• _EXERCISE DETAILS_:
From the entries below, output the line with "Asher Denim Mini Skirt (Faded Mid Wash)" and each following line up to and including the line with "Lighthouse with Coastal", exactly as written.

• _Data records_:
***

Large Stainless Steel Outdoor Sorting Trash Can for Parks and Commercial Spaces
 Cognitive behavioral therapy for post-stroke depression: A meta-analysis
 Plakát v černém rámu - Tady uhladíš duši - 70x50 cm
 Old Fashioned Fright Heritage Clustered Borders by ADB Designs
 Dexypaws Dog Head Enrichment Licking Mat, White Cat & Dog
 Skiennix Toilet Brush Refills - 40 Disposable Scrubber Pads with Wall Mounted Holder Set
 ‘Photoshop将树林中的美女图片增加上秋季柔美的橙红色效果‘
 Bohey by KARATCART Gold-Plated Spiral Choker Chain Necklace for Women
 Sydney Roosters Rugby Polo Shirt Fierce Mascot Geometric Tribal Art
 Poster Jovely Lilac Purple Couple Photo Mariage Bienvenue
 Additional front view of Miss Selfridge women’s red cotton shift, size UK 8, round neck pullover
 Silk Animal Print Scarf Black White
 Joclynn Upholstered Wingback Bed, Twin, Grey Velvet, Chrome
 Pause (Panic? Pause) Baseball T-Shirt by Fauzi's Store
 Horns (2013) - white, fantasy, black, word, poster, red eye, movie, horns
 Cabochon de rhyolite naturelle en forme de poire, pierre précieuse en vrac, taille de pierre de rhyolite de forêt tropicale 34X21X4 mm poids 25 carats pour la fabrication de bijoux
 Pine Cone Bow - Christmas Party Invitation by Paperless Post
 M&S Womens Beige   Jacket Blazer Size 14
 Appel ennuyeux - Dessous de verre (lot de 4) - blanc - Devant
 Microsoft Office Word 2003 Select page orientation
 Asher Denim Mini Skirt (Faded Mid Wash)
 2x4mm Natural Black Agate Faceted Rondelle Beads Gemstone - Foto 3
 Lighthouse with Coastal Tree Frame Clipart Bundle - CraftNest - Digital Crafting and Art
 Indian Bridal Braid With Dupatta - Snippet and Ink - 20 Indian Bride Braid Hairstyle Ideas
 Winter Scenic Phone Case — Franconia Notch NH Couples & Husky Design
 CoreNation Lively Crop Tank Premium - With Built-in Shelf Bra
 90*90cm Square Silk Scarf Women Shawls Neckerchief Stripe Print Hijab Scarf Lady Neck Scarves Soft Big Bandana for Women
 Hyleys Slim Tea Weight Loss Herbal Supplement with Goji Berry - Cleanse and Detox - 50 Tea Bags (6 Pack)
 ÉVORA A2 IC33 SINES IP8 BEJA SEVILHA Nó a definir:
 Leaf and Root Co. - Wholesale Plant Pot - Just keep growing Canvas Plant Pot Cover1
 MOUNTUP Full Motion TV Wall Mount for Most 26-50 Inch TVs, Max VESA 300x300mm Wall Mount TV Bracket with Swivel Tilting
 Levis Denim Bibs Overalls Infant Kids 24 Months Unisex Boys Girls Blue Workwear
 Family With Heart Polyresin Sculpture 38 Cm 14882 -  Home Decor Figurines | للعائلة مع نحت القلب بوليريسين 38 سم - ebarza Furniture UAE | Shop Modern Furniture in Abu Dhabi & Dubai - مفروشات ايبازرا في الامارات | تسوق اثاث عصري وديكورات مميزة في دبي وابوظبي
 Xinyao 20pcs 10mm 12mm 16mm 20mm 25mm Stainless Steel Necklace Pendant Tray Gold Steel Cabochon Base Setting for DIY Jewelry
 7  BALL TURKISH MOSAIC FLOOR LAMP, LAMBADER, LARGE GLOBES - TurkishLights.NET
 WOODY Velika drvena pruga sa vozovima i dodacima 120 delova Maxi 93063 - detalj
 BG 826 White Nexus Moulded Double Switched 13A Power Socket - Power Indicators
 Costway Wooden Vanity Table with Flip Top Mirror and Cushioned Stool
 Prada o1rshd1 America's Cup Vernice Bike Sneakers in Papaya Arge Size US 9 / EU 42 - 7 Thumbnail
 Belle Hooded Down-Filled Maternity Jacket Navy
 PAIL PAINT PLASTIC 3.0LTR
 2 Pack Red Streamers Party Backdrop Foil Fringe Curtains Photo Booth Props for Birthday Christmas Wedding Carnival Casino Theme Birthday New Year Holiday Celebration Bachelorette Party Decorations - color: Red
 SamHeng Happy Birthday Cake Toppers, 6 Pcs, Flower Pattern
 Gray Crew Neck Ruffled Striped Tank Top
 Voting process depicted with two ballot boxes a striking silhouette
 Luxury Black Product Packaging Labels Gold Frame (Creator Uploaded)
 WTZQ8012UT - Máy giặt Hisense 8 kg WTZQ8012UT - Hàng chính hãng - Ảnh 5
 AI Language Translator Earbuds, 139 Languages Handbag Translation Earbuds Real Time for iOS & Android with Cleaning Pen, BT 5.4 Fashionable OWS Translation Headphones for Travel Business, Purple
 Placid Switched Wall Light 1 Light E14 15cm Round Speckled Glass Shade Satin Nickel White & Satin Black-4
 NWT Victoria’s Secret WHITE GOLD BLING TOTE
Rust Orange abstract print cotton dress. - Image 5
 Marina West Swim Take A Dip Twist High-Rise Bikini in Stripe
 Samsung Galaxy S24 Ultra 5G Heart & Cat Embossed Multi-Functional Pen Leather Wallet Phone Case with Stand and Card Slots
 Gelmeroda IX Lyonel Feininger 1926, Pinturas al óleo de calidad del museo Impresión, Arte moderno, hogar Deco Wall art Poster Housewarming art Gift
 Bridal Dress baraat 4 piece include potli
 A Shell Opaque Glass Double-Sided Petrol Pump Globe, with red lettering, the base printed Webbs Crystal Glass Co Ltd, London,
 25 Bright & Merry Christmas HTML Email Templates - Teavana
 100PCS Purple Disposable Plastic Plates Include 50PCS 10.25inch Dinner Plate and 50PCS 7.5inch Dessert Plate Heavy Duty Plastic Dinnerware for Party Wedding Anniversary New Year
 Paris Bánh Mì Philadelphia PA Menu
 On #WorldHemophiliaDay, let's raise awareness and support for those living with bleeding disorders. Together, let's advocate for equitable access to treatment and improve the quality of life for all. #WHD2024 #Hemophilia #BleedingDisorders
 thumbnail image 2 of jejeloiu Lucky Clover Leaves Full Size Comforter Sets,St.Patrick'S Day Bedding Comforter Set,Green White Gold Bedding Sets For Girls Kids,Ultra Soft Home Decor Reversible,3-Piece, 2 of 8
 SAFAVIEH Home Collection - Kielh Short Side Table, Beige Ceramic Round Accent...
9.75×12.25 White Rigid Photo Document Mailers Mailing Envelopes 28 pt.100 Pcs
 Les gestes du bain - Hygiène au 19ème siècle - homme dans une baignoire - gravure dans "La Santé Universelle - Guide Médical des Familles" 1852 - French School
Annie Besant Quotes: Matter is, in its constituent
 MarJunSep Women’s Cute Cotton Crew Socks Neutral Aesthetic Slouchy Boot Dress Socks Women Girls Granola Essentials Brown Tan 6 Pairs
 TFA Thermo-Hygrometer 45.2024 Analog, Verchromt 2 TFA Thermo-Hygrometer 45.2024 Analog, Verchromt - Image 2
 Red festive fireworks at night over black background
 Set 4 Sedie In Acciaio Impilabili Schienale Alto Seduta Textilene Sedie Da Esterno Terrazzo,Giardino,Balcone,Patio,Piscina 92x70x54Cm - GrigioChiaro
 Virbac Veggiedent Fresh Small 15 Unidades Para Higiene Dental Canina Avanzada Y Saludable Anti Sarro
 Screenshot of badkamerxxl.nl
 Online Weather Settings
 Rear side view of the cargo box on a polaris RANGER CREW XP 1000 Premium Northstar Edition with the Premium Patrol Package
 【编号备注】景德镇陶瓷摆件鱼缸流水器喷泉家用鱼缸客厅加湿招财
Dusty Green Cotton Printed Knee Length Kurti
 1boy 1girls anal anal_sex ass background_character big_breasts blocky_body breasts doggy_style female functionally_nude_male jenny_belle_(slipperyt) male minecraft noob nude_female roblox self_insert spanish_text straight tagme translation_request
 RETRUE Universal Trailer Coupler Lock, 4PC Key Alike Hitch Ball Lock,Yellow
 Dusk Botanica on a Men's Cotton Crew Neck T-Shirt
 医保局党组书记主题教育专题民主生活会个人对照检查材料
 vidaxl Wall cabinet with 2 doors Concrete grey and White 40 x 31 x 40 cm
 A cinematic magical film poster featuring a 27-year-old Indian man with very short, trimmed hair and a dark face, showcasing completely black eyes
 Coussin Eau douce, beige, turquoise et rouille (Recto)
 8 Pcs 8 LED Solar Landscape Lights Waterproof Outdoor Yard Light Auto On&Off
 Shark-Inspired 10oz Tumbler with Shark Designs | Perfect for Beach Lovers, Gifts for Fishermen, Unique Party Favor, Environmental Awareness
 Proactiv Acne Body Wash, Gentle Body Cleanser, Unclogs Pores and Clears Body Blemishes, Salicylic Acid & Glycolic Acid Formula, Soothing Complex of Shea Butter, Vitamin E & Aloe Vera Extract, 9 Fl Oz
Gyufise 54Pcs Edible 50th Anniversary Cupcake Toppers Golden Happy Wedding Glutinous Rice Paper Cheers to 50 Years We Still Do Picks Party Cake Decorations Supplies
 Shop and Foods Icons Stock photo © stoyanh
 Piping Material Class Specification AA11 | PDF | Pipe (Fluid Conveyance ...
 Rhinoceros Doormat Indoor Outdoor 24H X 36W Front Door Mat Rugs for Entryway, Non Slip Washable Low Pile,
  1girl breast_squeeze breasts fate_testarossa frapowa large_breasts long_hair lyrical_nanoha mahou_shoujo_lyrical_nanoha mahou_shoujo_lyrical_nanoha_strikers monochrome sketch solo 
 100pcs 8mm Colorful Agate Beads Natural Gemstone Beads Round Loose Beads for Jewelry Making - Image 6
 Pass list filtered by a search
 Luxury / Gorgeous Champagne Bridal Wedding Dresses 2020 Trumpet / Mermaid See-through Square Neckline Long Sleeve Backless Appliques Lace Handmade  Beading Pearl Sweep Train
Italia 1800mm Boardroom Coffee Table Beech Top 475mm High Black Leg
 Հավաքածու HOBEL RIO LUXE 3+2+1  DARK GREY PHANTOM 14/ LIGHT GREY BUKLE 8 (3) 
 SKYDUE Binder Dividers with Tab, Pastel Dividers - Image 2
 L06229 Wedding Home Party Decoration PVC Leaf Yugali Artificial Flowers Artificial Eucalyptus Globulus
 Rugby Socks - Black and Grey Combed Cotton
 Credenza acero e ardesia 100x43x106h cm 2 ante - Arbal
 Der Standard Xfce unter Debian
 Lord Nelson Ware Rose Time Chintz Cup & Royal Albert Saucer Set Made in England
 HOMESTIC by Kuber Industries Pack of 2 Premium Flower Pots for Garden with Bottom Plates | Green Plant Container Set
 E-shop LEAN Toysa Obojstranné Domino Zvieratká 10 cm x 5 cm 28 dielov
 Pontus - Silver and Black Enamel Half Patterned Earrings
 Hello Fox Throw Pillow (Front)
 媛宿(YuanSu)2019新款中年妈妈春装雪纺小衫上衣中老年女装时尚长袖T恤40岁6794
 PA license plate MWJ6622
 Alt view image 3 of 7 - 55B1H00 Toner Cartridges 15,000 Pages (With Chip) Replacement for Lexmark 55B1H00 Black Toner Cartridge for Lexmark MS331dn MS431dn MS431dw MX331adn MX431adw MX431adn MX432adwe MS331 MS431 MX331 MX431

***

• _SOLUTION_:
 Asher Denim Mini Skirt (Faded Mid Wash)
 2x4mm Natural Black Agate Faceted Rondelle Beads Gemstone - Foto 3
 Lighthouse with Coastal Tree Frame Clipart Bundle - CraftNest - Digital Crafting and Art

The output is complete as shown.